Good topic. Good idea is to make a list and keep a separate calendar to remind you to double check things. Also, don't skimp on price. A fifteen dollar airhorn could save your life. So could a set of aerial flares in addition to the normal ones you hold in your hand.

Keep an eye on fire extinguishers and know where everything is stored.

I've never heard of an oar requirement fwiw.


----------



## neuby (May 8, 2009)

Five-0_Bulletproof said:


> Doesn't matter how far out you go. Once you're thru the pass, you have to have life vests, Air-horn, horn or whistle, (they told me a whistle wasn't good enough, as he said "How can you blow it if your boat sunk"?), Flares, (up to date), throw life ring or square life cushion, oar paddle and anchor w/rope. Also running lights if after dark.
> Oh, and fishing license if fishing or have rod & reels on board wether or not fishing.
> There's also other Safety requirements if an inboard, but should already be equipped.
> Have I left anything out?.


A whistle is "good enough" according to the rules/regulations for boats 39 feet and under (though I agree having an airhorn too is also not a bad idea but could be less reliable than a whistle). Where you stopped and ticketed when you were told this or was it meant as a recommendation.
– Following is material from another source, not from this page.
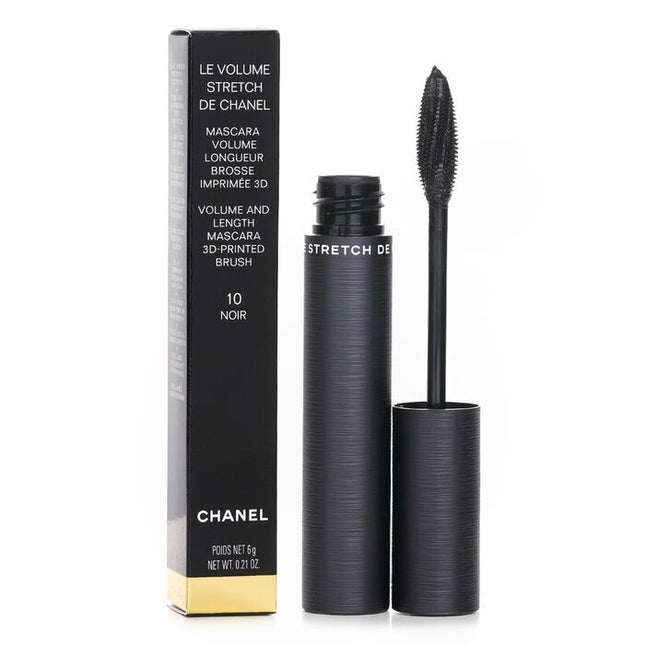 Chanel Le Volume Stretch De Mascara 10 Noir 6G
Nothing irks me more than officers that do not know the rules.


----------



## tofer (Oct 7, 2009)

Great info, thanks for posting it!


----------



## Diesel (Jan 9, 2008)

Five-0_Bulletproof said:


> Doesn't matter how far out you go. Once you're thru the pass, you have to have life vests, Air-horn, horn or whistle, (they told me a whistle wasn't good enough, as he said "How can you blow it if your boat sunk"?), Flares, (up to date), throw life ring or square life cushion, oar paddle and anchor w/rope. Also running lights if after dark.
> Oh, and fishing license if fishing or have rod & reels on board wether or not fishing.
> There's also other Safety requirements if an inboard, but should already be equipped.
> Have I left anything out?.


Having safety equipment doesn't have anything to do with being through the pass...just being on the water requires it. As far as sound signaling is concerned a whistle is plenty good. That's the dumbest shit I've ever heard. Who told you that? FWC? Unbelievable, if it was, then they need to go back to the academy. The CG says on any vessel under 12 meters you must have any means of producing an efficient sound signal. It is for signaling passing intentions and distress, not for underwater sinking signaling. However it would be prudent to have a whistle and strobe on your life jackets to help be located in the event of a sinking.
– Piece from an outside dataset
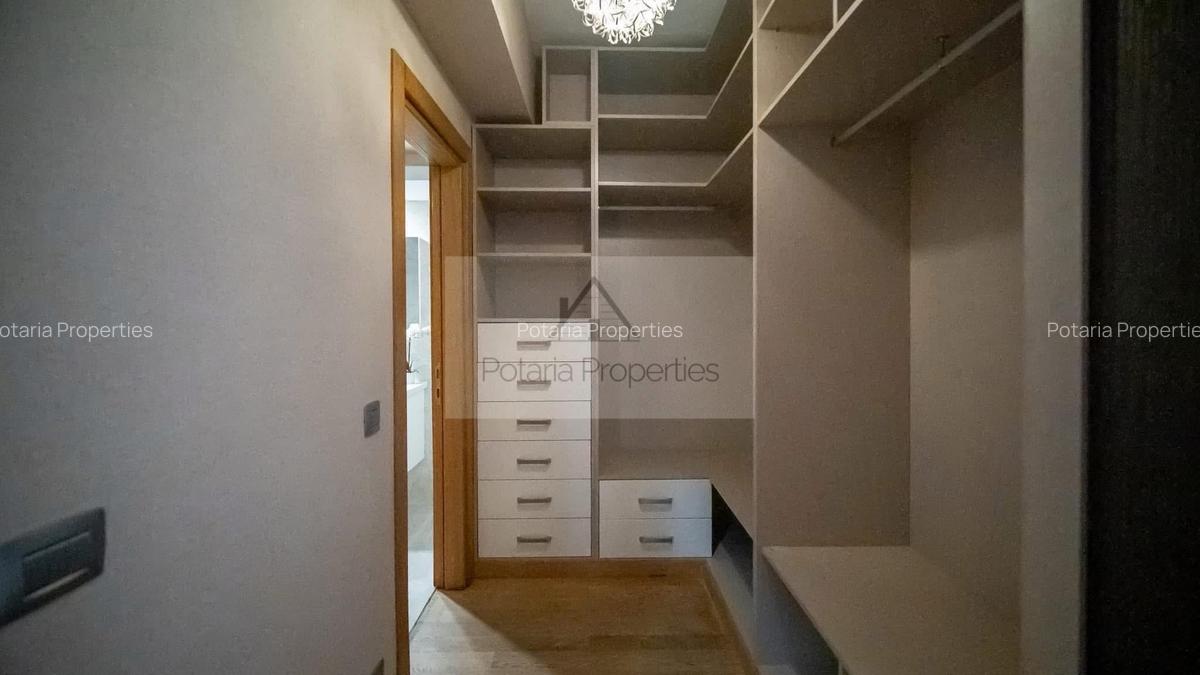 Serviced 3 Bed Apartment with En Suite in Kileleshwa - 11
#1 on the CG Auxiliary free safety check.


----------



## Mudigger (Aug 5, 2011)

Wirelessly posted

Oar requirements are for smaller boats.


----------



## Mudigger (Aug 5, 2011)

Wirelessly posted

Here's the site with the information word for word. 
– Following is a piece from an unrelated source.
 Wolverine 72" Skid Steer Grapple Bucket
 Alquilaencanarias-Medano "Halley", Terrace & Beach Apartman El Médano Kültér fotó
http://myfwc.com/boating/boating-regulations#equip


----------



## markm0369 (Oct 31, 2007)

Got stopped today comming in the pass, if you boat at all near the naval station you almost need to, at some point, expect to get stopped. having said that no issues other than i keep my boat registration in the truck, (this is by design) but the do want to see all the required gear as far as flares horn etc. took 15 min .


----------



## fish2day (Apr 9, 2011)

The information keeps coming and I appreciate it. This Forum has educated me to know that you can't be too prepared. Anything can happen at Sea. Thanks Again...


----------



## CurDog (Nov 14, 2010)

Diesel said:


> Having safety equipment doesn't have anything to do with being through the pass...just being on the water requires it. As far as sound signaling is concerned a whistle is plenty good. That's the dumbest shit I've ever heard. Who told you that? FWC? Unbelievable, if it was, then they need to go back to the academy. The CG says on any vessel under 12 meters you must have any means of producing an efficient sound signal. It is for signaling passing intentions and distress, not for underwater sinking signaling. However it would be prudent to have a whistle and strobe on your life jackets to help be located in the event of a sinking.
> 
> #1 on the CG Auxiliary free safety check.


 
I was refering that ALL boats have to have signal Flares if they go out into the Gulf. Sorry I didn't word it correctly enough for you. 
Glad you caught a Hemorrhoid over it.:thumbdown:


----------



## CurDog (Nov 14, 2010)

neuby said:


> A whistle is "good enough" according to the rules/regulations for boats 39 feet and under (though I agree having an airhorn too is also not a bad idea but could be less reliable than a whistle). Where you stopped and ticketed when you were told this or was it meant as a recommendation. Nothing irks me more than officers that do not know the rules.


 
Yes, I was ticketed with a warning. He told me quote "what if you fall over, and can't blow the whistle"? '17 cc
I said, well, if I couldn't blow the whistle, what makes you think I could use the airhorn?
Got a money ticket for a small tear in my PFD. Another warning ticket for not having my license with me.


----------



## Diesel (Jan 9, 2008)

Five-0_Bulletproof said:


> I was refering that ALL boats have to have signal Flares if they go out into the Gulf. Sorry I didn't word it correctly enough for you.
> Glad you caught a Hemorrhoid over it.:thumbdown:


Since all we have is the words we post, if you do not make yourself clear then how is anyone to know what you are trying to say. 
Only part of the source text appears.